The Dominion
- Type: Monthly
- Format: Newspaper
- Editor: Dru Oja Jay
- Founded: April 2003
- Website: http://www.dominionpaper.ca

= The Dominion (Canada) =

Canadian newspaper

The Dominion is a monthly newspaper and web site in Canada.

The Dominion is published by the Dominion Newspaper Society, a non-profit organization. Formed by a group of independent journalists in April 2003, The Dominion publishes a print edition and distributes a pdf version of the newspaper online.

Dru Oja Jay is founding editor of the Dominion, and Hillary Lindsay is the paper's managing editor.

Previous contributors include Jon Elmer, Anthony Fenton, Yuill Herbert, Erin Steuter, Jen Pierce, Matthew Trafford, Rob Maguire, and Stewart Steinhauer.
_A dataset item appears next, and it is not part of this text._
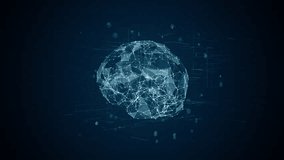 Motion graphic of Blue polygon digital brain logo with grid line and ai technology icon rotation on futuristic abstract background artificial intelligence concepts - Powered by Shutterstock - Get 15% off with code: PIKWIZARD15
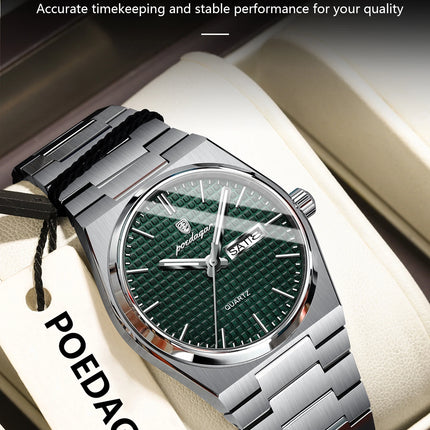 POEDAGAR Luxury Original Men's Watch Waterproof Stainless Steel Luminous Men's Wristwatch Date Week Quartz Fashion Watches For Men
The staff is based in cities across Canada, with concentrations in Halifax, Montreal and Vancouver. A local edition of the newspaper was published for several months as a street newspaper in Ottawa by the Ottawa Panhandlers' Union, but went on hiatus due to police harassment of homeless vendors of the newspaper and lack of funds.

The newspaper bills itself as providing "accurate, critical coverage that is accountable to its readers and the subjects it tackles" and examining "politics, culture and daily life with a view to understanding the exercise of power".
In 2006, The Dominion editorial collective launched The Media Co-op as a national coast-to-coast network of local online media co-operatives.

In 2021, some members of the editorial collective launched an online news website called The Breach.